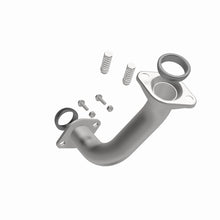 Load image into Gallery viewer, BRE Exhaust 99-05 Tracker Grand Vitara  1.6L 2.0L 2.5L Front Pipe Kit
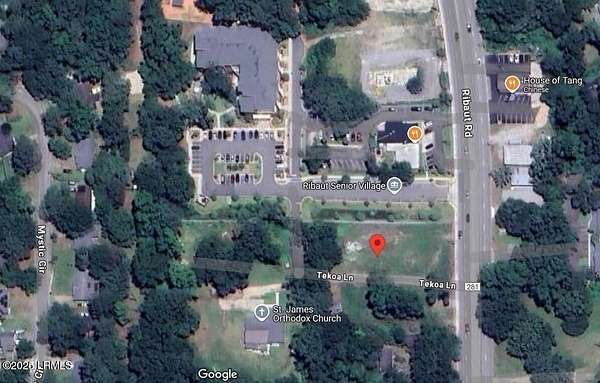 1.1 Acres of Mixed-Use Land for Sale in Beaufort, South Carolina
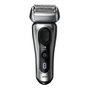 Braun Series 8 8567cc Afeitadora Eléctrica de Láminas para Hombre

=== Exercise objective ===
Copy out the listing above in full and leave out its pictures.

=== Answer box ===
 Load image into Gallery viewer, BRE Exhaust 99-05 Tracker Grand Vitara  1.6L 2.0L 2.5L Front Pipe Kit
 1.1 Acres of Mixed-Use Land for Sale in Beaufort, South Carolina
 Braun Series 8 8567cc Afeitadora Eléctrica de Láminas para Hombre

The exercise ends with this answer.